▶ WORK ORDER
Below are records with pictures in them. Output exactly the lines from the one with "Now from this" through the one with "Review the stops", both included, and leave every picture out; give only those lines.

▶ RECORDED DATA
-- -- --
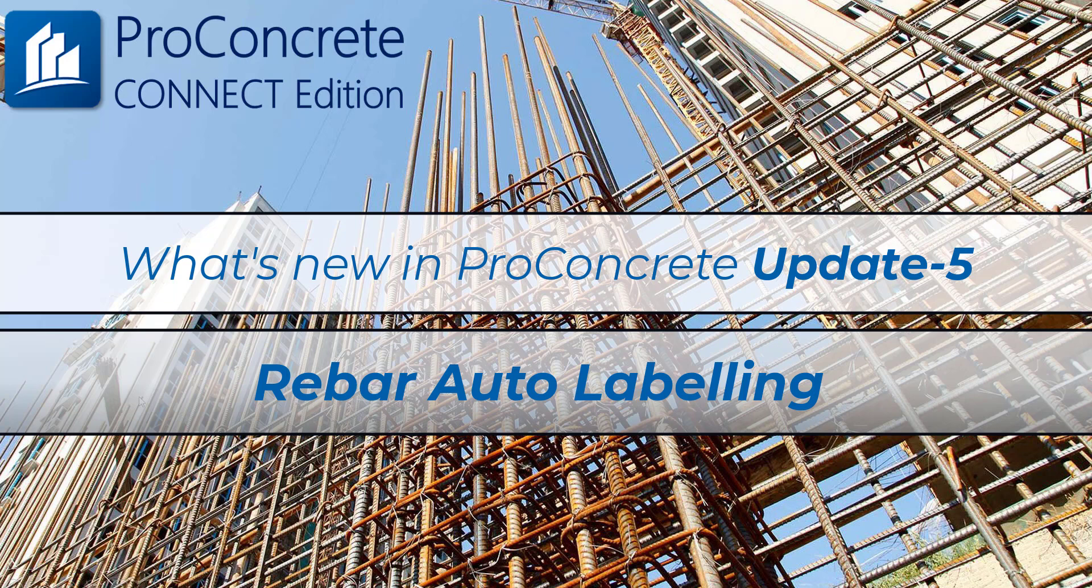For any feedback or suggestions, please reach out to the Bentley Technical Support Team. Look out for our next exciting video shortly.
-- -- --
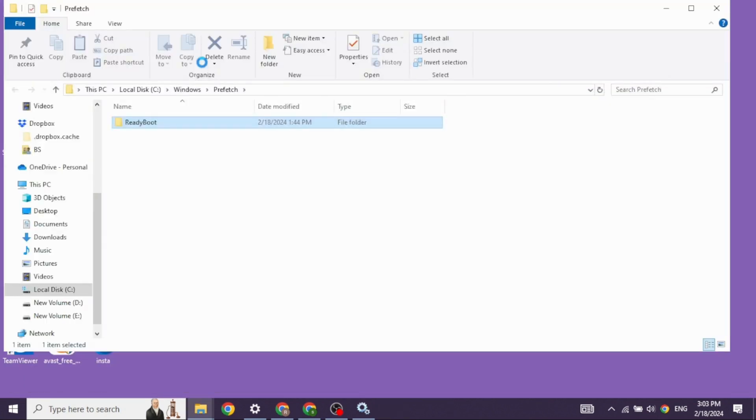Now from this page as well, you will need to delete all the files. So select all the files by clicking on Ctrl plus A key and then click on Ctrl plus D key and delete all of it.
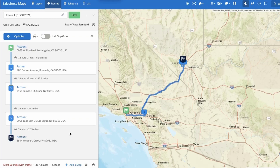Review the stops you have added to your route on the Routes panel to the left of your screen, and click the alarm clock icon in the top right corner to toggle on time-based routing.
-- -- --
▶ ANSWER
Now from this page as well, you will need to delete all the files. So select all the files by clicking on Ctrl plus A key and then click on Ctrl plus D key and delete all of it.
Review the stops you have added to your route on the Routes panel to the left of your screen, and click the alarm clock icon in the top right corner to toggle on time-based routing.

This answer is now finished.